Antiparticles in Medicine
The most widespread practical use of antiparticles is in PET scanning (positron emission tomography), a medical imaging technique that has been a standard diagnostic tool since the mid-1980s. A PET scan works by injecting a patient with a tracer molecule, typically a sugar labeled with a radioactive atom that emits positrons as it decays. Because tumors and active brain tissue consume more sugar than surrounding tissue, the tracer accumulates in those areas.
As the radioactive atoms in the tracer decay, they release positrons. Each positron almost immediately encounters a nearby electron and annihilates, producing two gamma rays that fly off in opposite directions. A ring of detectors surrounding the patient picks up these paired gamma rays, and a computer reconstructs where each annihilation event occurred.
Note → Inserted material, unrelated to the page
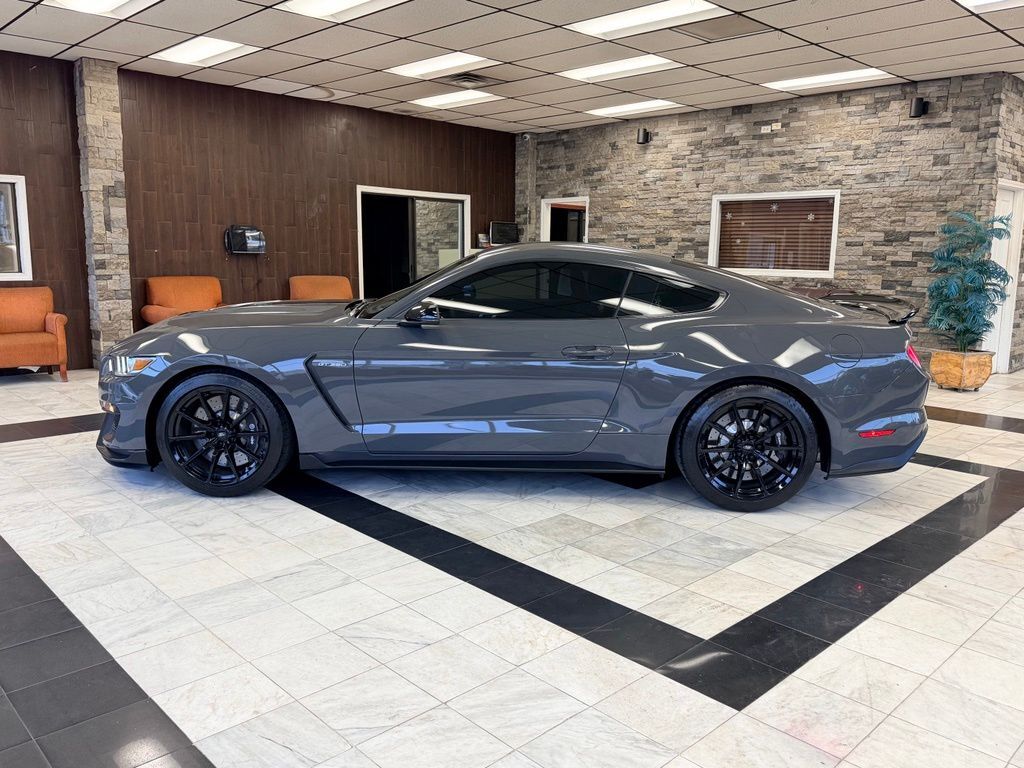 2018 Ford Mustang Shelby GT350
The result is a three-dimensional map showing where the tracer accumulated in the body.
The most commonly used tracer isotope, fluorine-18, produces positrons that travel only about half a millimeter before annihilating, giving PET scans a fundamental spatial resolution of about 2 millimeters for whole-body imaging. Doctors use PET scans to locate tumors and metastatic disease in the brain, breast, lungs, and gastrointestinal tract. The technique also plays a role in diagnosing and studying Alzheimer’s disease, Parkinson’s disease, epilepsy, and coronary artery disease. Beyond simply finding tumors, quantitative PET imaging can measure how actively a tumor is consuming energy, which helps doctors stage the disease without surgery.